Having devoted the last couple of years to the study of empathy and the need to stand in someone else’s shoes, I tried to imagine how our host felt as we appeared unannounced in her courtyard.
Jacinta lives with her husband and six children in San Juan, a tiny and remote hamlet in the mountains of northern Argentina. My sons, Adrian, and Alexander, our guide, Facundo, and I had just arrived, after a long day of hiking. Because San Juan is off the grid, Facundo had no way of informing the family of our arrival. He had established contact with them two years earlier but had had no communication with them since then.
We had left the small city of Iruya, the little-known jewel of the province of Salta that is built on terraces along a magnificent canyon. As we made our way along the remnants of Inca trails, we beheld a landscape of vermilion, salmon, teal, turquoise, and pistachio green, a meringue of variegated colors created by geological folds.
Although I had originally looked forward to spending a night in San Juan, I grew apprehensive. What would we talk about? Would the abrupt arrival of three Americans and a guide be an encumbrance? I had mentally created a list of topics to discuss with them: village life, possible feelings of isolation, their thoughts on their ancestors who had built the mountain trails.
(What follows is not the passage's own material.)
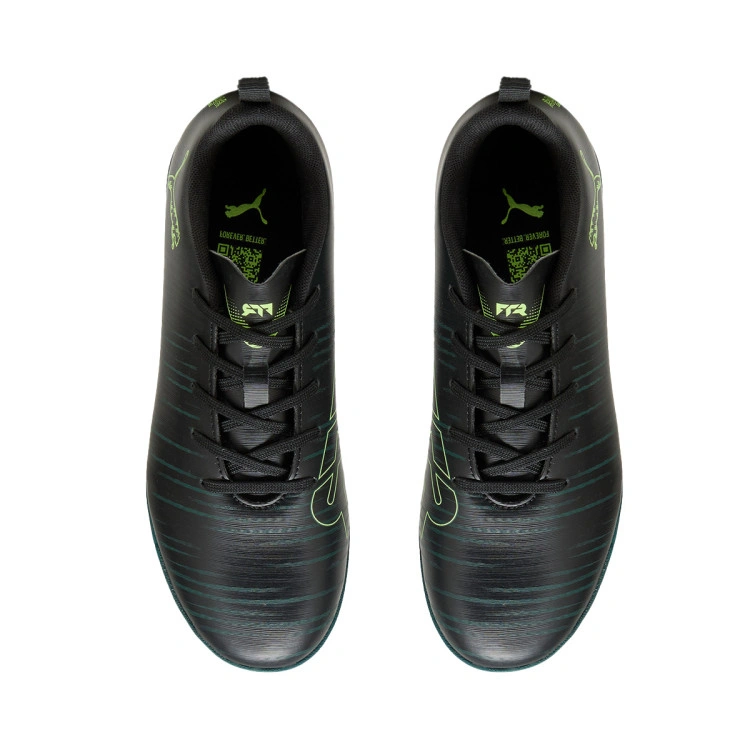 zapatilla-puma-future-8-play-it-nino-black-fizzy-light-green-terrain-4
The bridge that would allow me to connect my life to theirs was my own story: I had lived the first ten years of my life in a small village in northern Greece, also relatively cut off from capitalist production. My parents had harvested wheat with scythes. After they unloaded it on the threshing floor, they had the oxen trample on it. Then, with a winnowing fan in hand (a flat wooden oar), they would wait for a gust of wind, scoop up the grain and toss it in the air to separate the wheat from the chaff. This would be the empathic link between globetrotters and Andean villagers: I too had once been a peasant.
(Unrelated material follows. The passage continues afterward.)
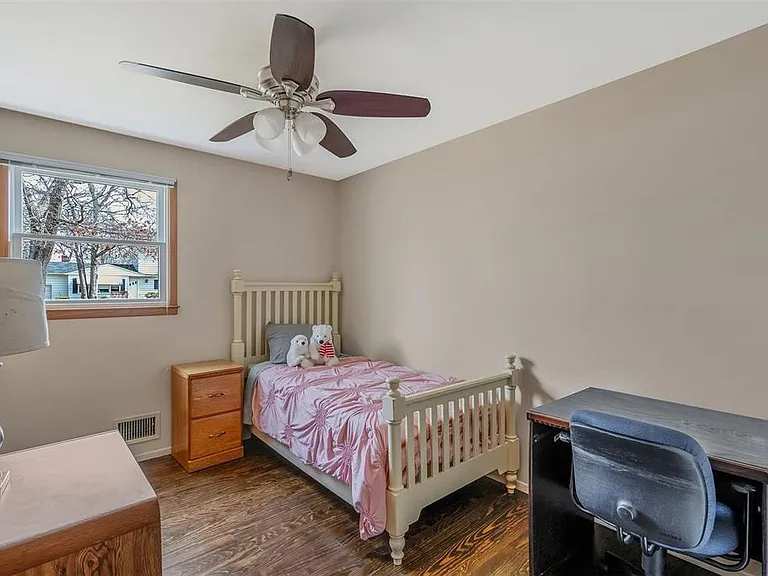 168 W Tiana Rd — Photo 10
As we approached the guesthouse I spotted a sign propped on the wall, “Hospedaje San Juan.” Around the curve, we entered a stone-covered courtyard where two young girls were playing, the one jumping up and down on a pink, plastic cow. The mother, startled, greeted us and instructed the two teenage daughters to arrange the guest room. Immediately they brought out mattresses, sheets, and towels that they had purchased with a grant from the provincial government of Salta.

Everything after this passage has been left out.